También deberían incorporarse a esa dieta de contención tantos periodistas argentinos odiadores. Se han convencido de que eso les sienta: que les da un aire de trasero fruncido ideal para no perder la pertenencia al odio. Porque ante el actual Gobierno parece haber una desmesurada reproducción de activistas del género; como si alguna terrible y no revelada característica de su ser, actuara como un nutriente feroz. Basta cualquier gesto, palabra, hecho o DNU emanado desde el Gobierno para que los odiadores se realimenten espontáneamente. No se sabe desde qué sumidero se escurre este sentimiento, que hace sospechar que sus transmisores van descendiendo del homo sapiens al homo brutus vertiginosa y denodadamente.

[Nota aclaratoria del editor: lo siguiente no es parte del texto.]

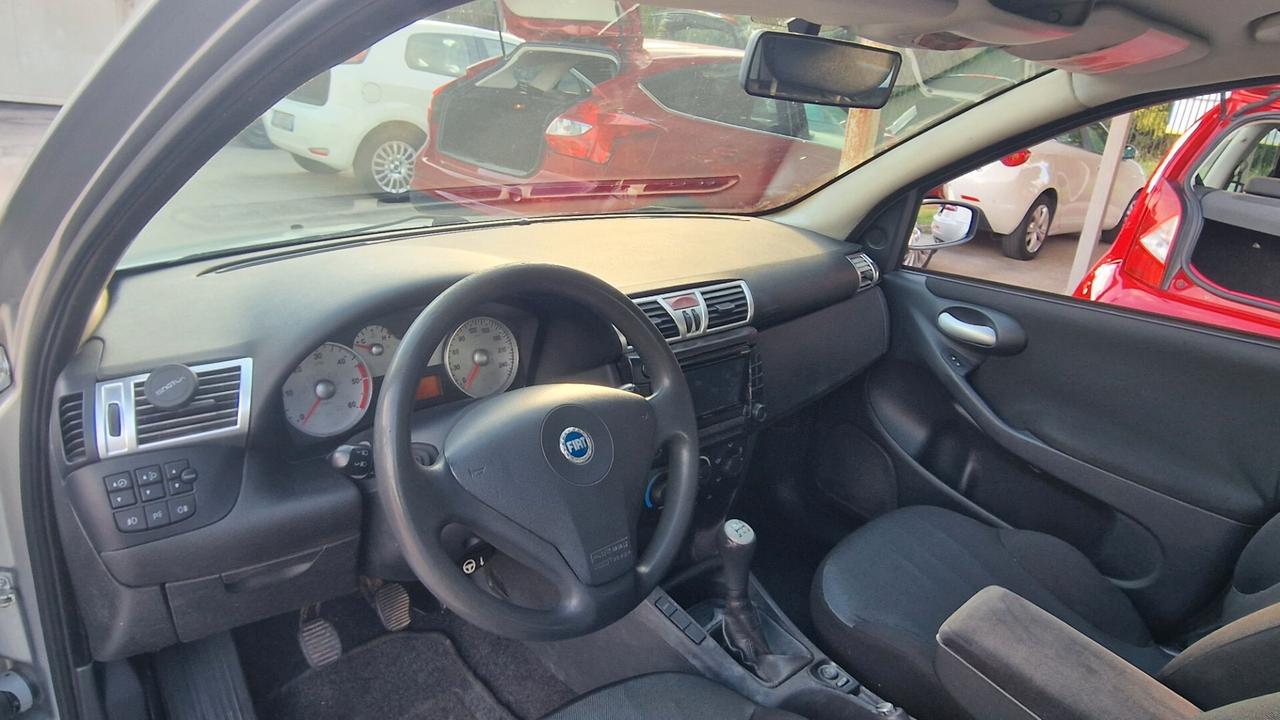 Fiat Stilo 1.9 MJT 120 CV 5 porte Dynamic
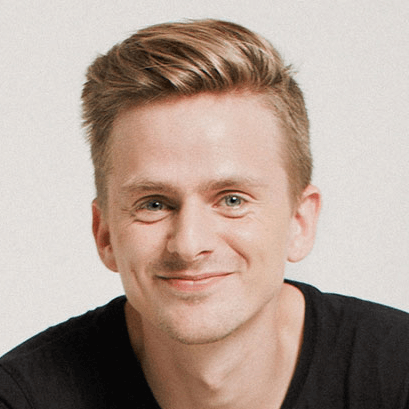 Billy Regnskabsprogram og Jákup Martin Vandsdal fra Tasteriet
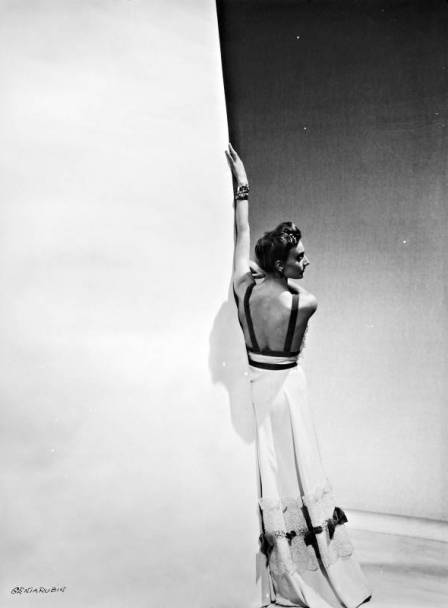Genia Rubin (1906-2001). Fashion photo, 1938.  З сайту Biksady Galéria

“Algún día todo mi odio será tuyo”. Interesante leyenda para estampar en una remera para un tipo de clientela de argentino estándar, pasado de glotonería de medios y capaz de repetir lo que éstos le cuentan tal cual se lo cuentan, y sin siquiera limpiarle al cuento la nervadura, la grasa y las espinas. Ese consumo grosero lógicamente produce una deposición grosera. Son tantas las declaraciones con olor a boñiga. De eso se trata gran parte del expresionismo mediático-político. El odio exige vocación, empeño. Y, entre otras cosas, la fantasiosa creación de monstruos y de monstruosidades a las cuales profesárselo. Pocos gobiernos argentinos han logrado como el de Néstor y Cristina Kirchner procrear odios tan sorprendentes y de tan difícil justificación racional, en franjas de población hipersensibles vaya a saberse a qué efectos, y que les producen vaya a saberse qué daños no ya en su estatus, sino psíquicos.
Shakespeare -reincido en él porque lo estoy releyendo- dice: “Si las masas pueden amar sin saber qué, también pueden odiar sin mayor fundamento”. Las masas y las masitas y los que las amasan. Claro que hay distintas intensidades y honduras de odios y odiadores. El más difundido es el odio por hábito, por transmisión. Aquél del principio, el del dibujo de El Roto, y aquel padre transfiriéndoselo a su hijo. Tal vez hoy, aquí, se esté ante hijos de padres y abuelos odiadores de otros tiempos.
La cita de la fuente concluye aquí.